Every now and again someone will contact me that has a very tight budget for a new website. I’m talking sub £500 here. It’s always difficult explaining that you’re out of their price range, but there’s an incredible amount of work that goes into making even the most basic of sites.
I’d always recommend investing in your website, particularly if you want it to generate you a healthy income and become a sustainable business in it’s own right. But for those that really can’t invest more, here are the options…
Squarespace’s online website builder essentially allows you to create your own website with it’s suite of tools. Rather than paying a one off fee like you would to a design company or freelancer to get your site built, you pay a monthly fee to use their service. It ranges from about $8 to $30/month.
It’s quite a sophisticated platform which includes a domain name, has an e-commerce platform and even has it’s own logo creation tool. You effectively start with a pre-designed template and customise as you go. The templates tend to be modern, professional and fully responsive.
The downsides in using something like Squarespace is that you’re not getting something truly bespoke and it can be difficult conveying the personality of your business. That said, if you’re looking to get up and running pretty quickly, it puts you in a great position.
In many ways, Weebly is a lot like Squarespace. The concept is the same but the tools differ a little. Again you’re paying a monthly fee and operating from a template basis. Weekly has come a long way in the last few years and now uses a drag and drop interface which is pretty slick. Their templates aren’t of the standard of those that you see with Squarespace but they do have a free plan for those wanting to give it a try.
Again, it shares the same downsides as Squarespace. All online website builders make their money from having a large customer base and as a result you’re never going to get the greatest level of service.
1&1 My Website
Aside from dedicated tools like Squarespace and Weebly, a lot of the big hosting companies are getting in on the action too. It makes a lot of sense for them, they already have customers buying domain names. The next logical step is to sell them a website too. I’m not specifically looking at 1&1’s My Website builder here, but as they’re one of the biggest hosts around it’s the one most people have heard of.

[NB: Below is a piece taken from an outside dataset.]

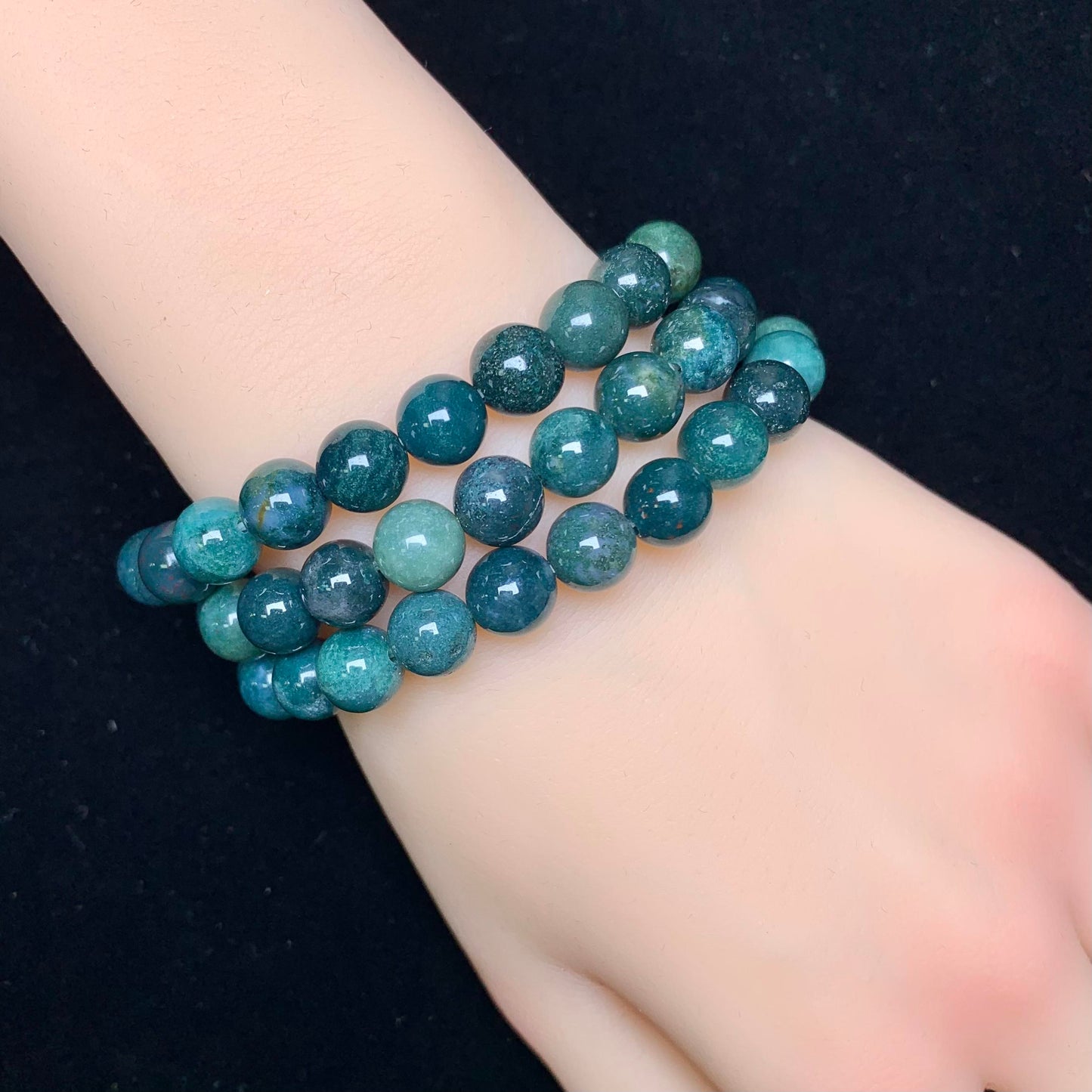 Moss agate bracelet 8mm 1pc (SL137)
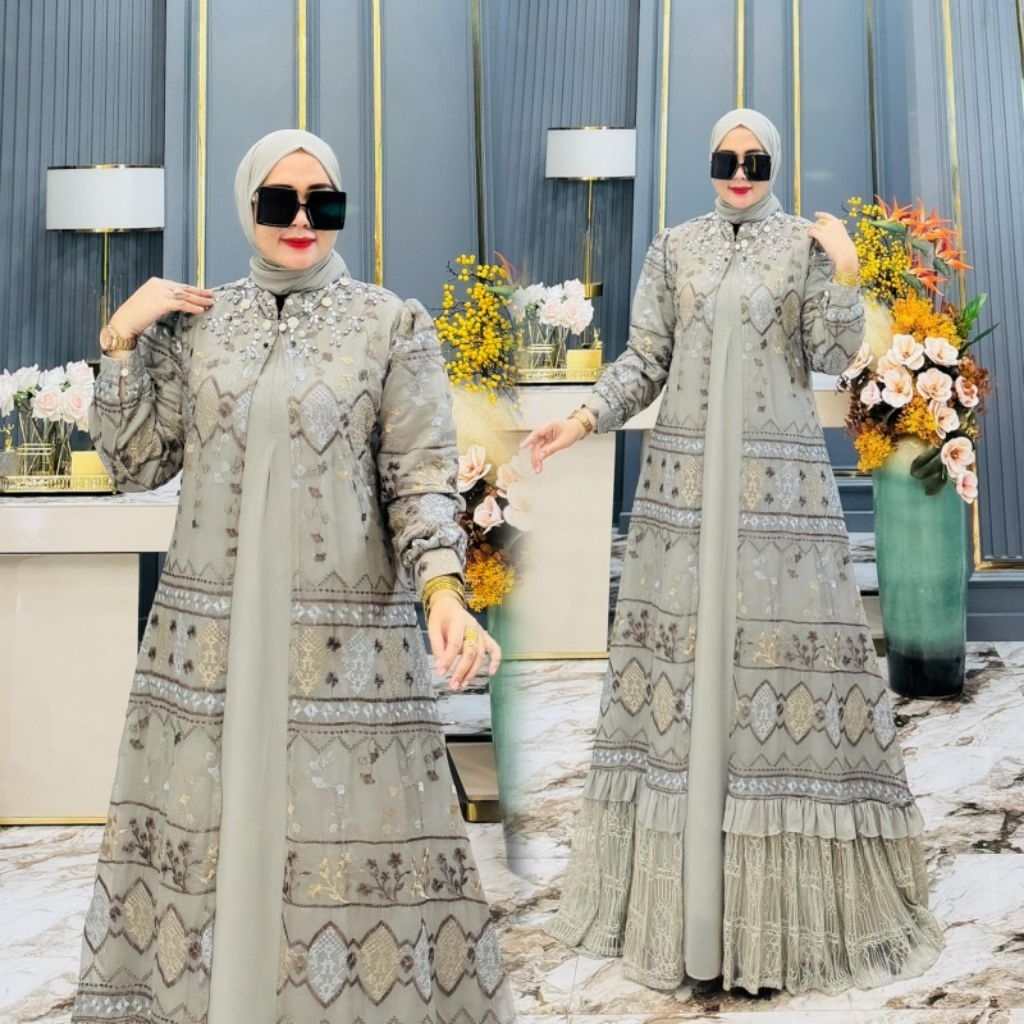 SHAFA DRESS SETT PASHMINA BY BILQIS ASOFUROH  GAMIS PESTA MEWAH GAMIS EDISI LEBARAN TERBARU MOSLEM W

At this stage in time, the hosting company versions lag behind the dedicated tools and it’s understandable. It’s not their sole business focus, it’s a bolt on. The templates aren’t up to the same standard and nor is the tool itself. In many ways they’re trading on the back of you not being aware of the competition. If you are going to use a site builder, use a dedicated tool rather than one that a hosting company is pushing.
Use a cheap website company/freelancer
Another option is to search around and find a business or individual that is making websites at a very cheap price. If you look hard enough, chances are that you’ll find someone willing to do it within your budget. The problem here is that you’re using someone at the bottom end of the market. If you’re buying a cheap website, that’s exactly what you’ll get back – a cheap looking website. In some instances this may be fine. If you’re selling a cheap service, then you probably want to look relatively cheap. It’s not always the case though.
You will get the advantage that there’s someone you can speak to and you’ll get a completely bespoke website that is tailored entirely to your needs. But be warned, any company offering websites at under £500 is cutting corners somewhere to make it profitable.
What I would do
Personally, if I had £500 to spend on a website and couldn’t do it myself I’d go with something like Squarespace where I’m in control and not spending my entire budget in one go. This would then allow to me to get my site up and running pretty quickly and determine whether it’s eventually going to be worth investing more money in. Ok I wouldn’t be getting a totally bespoke solution, but I would end up with something professional and I’d have some money left to go towards marketing (which most newcomers to websites forget about).